Antifa in Europe Today

"Of particular note are parts of the Kreuzberg-Friedrichshain and Neukölln neighborhoods in Berlin[, Germany.] The 'blind-eye' approach [adopted] by local governments allowed...radical far-left squatters [to] occupy abandoned property and land[, leaving] communities to fester for decades, resulting in the development of their own parallel societies where the authority of the state and the rule of law are challenged. Antifa in CHAZ attempted to turn Seattle's Capitol Hill neighborhood into a variant of this.

"Every year on...May Day, the inhabitants and supporters of these antifa-friendly neighborhoods turn violent. In July 2016, thousands of masked militants attacked police in Friedrichshain to protest redevelopment efforts in the area. They...destroyed shops[.] It took about 1,800 officers to bring the rioting under control." – p. 107

"Both the extreme left and right seek to undermine liberal democracy and the rule of law, whether through the use of violence or other means. They have differing political visions and goals, but both would result in the destruction of the liberties we value.

"[T]he threat of the far right is understood by the American public and actively countered by government, academia, media, and civil society. No comparable resolve or mass organization exists to counter the far left. Why? One explanation is the cultural dominance of the left. The political homogeneity in popular culture, academe, and urban centers of influence (e.g., New York[;] Washington, DC[;] Los Angeles[;] etc.) has produced a populace with severe blind spots." – pp. 108–9

Chapter 6: American Mutation

Critical Theory

"Antifa do not view their premeditated and preemptive acts of violence as 'violence.' It is part of the strategy of remaking words to have completely new meanings. But it also pulls from a left-wing philosophical tradition established by twentieth-century German philosopher and sociologist Herbert Marcuse....

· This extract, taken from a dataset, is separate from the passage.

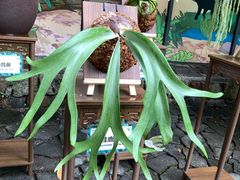 -深圳仙湖植物园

"Born in 1898, Marcuse was a committed leftist all his life. As a young adult, he...voted for the German Communist Party. In 1933, he joined the Institute for Social Research, a think tank at Frankfurt University. [The Institute] is more commonly known as the 'Frankfurt School.'...

"One of the Frankfurt School's lasting legacies is the development of critical theory—the Marxist-inspired theory that undergirds all the various 'studies' disciplines in academe today. In short, critical theorists develop ways to 'criticize' perceived structures and systems of oppression in order to bring about radical change. It offers a heuristic for understanding all human interaction through power dynamics between groups....Colloquially, critical theory is sometimes referred to as 'cultural Marxism'[:] an application of Marxist theory to groups of people based on identity rather than class.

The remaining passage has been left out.